Nicki's story began at a New Year's Eve party where she sang an Allman
Brothers song, catching the attention of musician/producer Tim Bluhm (Mother
Hips). With Tim's encouragement, Nicki began to write her own songs and
perform in public. The two fell in love and married, followed by the recording of Nicki’s debut album, Toby's Song (2008), which was heralded as one of Jambase's top ten albums of the year.

Nicki’s music took on a life of its own with the formation of a band with childhood friend and lead guitarist Deren Ney. Nicki Bluhm & The Gramblers grew with the addition of drummer Mike Curry (Jackpot), bassist/vocalist Steve Adams (ALO), and rhythm guitarist/vocalist Dave Mulligan. The band headed into the studio and emerged with Nicki’s sophomore album, Driftwood (2011), a collection of songs that evoke the AM magic of Linda Ronstadt, the honest charm of Johnny and June Cash's duets, and the stoney sounds of retro Memphis soul. "Part Karen Carpenter and part Grace Slick, Bluhm's voice moves effortlessly between softer, country tinged balladry and retro '60s/'70s rock," No Depression declared.

Since Driftwood’s release, Nicki has performed with her band, as a duo with her husband, as a vocalist for West Coast supergroup Brokedown in Bakersfield, and as the special guest of countless musical legends.

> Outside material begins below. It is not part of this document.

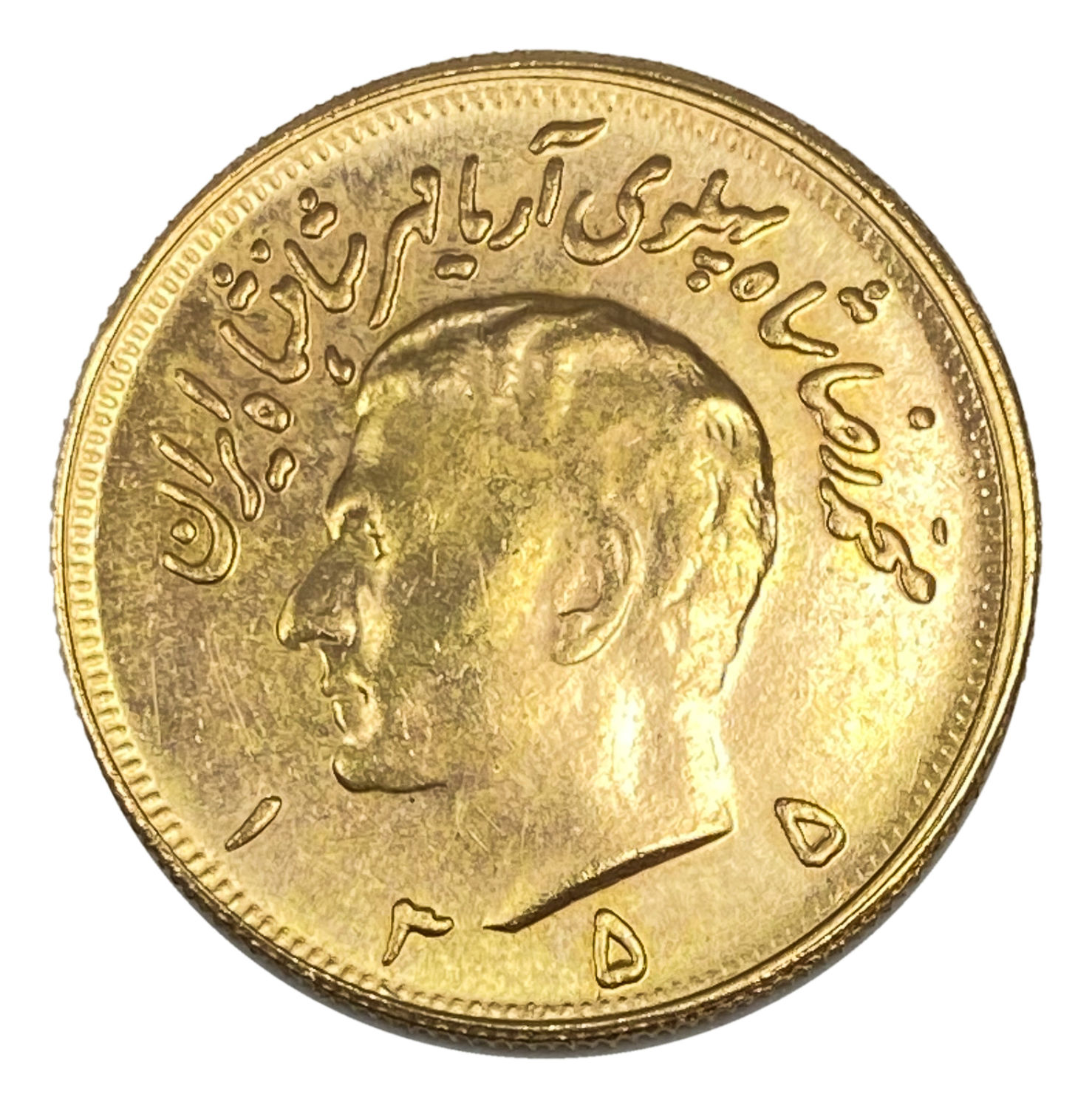 Iran - 2.5 Pahlavi 1976 (1355) - UNC - Gold 900, 20.34g, 30mm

She has been called on to share the stage with Chris Robinson, Susan Tedeschi and Derek Trucks, Bob Weir, Phil Lesh, Steve Kimock, Jackie Greene, Pegi Young and Josh Ritter; and has performed on “The Tonight Show with Jay Leno.” Nicki is currently touring and has a new album with Tim called Duets.

There's no question that Nicki Bluhm is the “It Girl” of San Francisco’s storied music scene. Luckily for us, the future is looking even brighter for rock’s rising star.

Brothers Comatose

“The good thing about a string band, is that things tend to culminate with dancing rather than elbows flying in a mosh-pit,” says Gio Benedetti of the Brothers Comatose. The original members of the quintet with brothers Alex and Ben Morrison, bonded at the Morrison family acoustic music parties before taking a youthful foray into punk and rock bands *and ultimately* before circling back to the music they learned in that living room. They credit both beginnings for the attitude of their current music. and As a testament to their skillful energy; they have already played the major festivals including the esteemed Hardly Strictly Bluegrass Festival, The Strawberry Festival and High Sierra.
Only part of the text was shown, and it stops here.